Yep. Asteroid belt. We've assumed a "parking orbit" with our Thrust Ring surrounding an appropriately sized asteroid. We brought the cylindrical elevator tubes to its North and South poles so that we could start digging.
Basically, it looks like we put an ankle bracelet on a rock.
Of course, the ankle bracelet has two habitats at a hundred and twenty degrees from each other that look like glass-enclosed cruise ships hanging from an Easter Basket handle, and a double handful of a two-mile wide casserole dish, with the Flying Castle in the middle of it.
Then the solar mirror, huge because of our orbit, reflects sunlight down to a second mirror, which slowly rotates to give each of our three habitats its own version of a twenty-four hour day.
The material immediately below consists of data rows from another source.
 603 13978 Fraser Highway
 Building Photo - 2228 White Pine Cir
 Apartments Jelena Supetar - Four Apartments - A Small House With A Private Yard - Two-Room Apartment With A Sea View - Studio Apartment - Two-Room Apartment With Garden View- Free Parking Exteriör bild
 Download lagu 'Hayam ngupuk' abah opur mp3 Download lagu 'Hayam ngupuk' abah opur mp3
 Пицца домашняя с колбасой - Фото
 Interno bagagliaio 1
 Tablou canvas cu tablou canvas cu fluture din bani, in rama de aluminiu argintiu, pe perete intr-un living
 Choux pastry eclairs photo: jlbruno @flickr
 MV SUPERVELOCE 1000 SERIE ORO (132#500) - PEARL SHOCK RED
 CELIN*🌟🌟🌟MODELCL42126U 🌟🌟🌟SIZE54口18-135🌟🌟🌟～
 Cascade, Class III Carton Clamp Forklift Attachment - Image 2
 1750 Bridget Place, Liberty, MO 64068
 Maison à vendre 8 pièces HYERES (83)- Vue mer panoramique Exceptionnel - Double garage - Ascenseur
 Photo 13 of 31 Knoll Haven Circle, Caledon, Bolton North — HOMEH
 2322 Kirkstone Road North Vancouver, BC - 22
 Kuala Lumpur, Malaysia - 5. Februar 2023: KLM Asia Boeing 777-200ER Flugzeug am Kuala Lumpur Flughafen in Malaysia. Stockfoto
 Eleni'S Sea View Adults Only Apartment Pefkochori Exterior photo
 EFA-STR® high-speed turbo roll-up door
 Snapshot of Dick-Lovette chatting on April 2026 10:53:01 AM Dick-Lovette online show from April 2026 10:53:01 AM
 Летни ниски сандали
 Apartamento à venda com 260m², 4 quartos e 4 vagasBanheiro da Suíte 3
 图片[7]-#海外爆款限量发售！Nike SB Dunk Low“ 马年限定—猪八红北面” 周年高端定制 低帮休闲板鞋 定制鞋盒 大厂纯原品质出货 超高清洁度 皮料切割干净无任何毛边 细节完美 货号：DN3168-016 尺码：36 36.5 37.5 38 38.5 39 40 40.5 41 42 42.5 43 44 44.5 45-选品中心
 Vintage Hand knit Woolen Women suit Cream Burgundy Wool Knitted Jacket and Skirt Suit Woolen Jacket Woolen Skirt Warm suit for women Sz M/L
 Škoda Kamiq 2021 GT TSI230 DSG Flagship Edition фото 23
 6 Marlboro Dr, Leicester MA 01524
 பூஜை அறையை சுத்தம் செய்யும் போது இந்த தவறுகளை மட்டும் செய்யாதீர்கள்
Being offset like that, each Habitat starts its day eight hours before or after its neighbor. So if you're a late riser, you can still catch breakfast at the next Habitat over, by riding the spherical elevator cars through the cylindrical elevator tubes.
Oh, yeah. It's all rotating slowly, to give us artificial gravity at a Mars equivalent setting. Multiply your "weight" by point three four.
We grow our own food and oxygen, and make our own stuff and entertainment.
And the entertainment is particularly original. Good morning! The dragons are off to the herpet-vet. The rest of us are hanging loose. I picked my second Japanese eggplant, and I’ve finally got a regular eggplant growing.
Thanks, Bob! I couldn’t have said it better!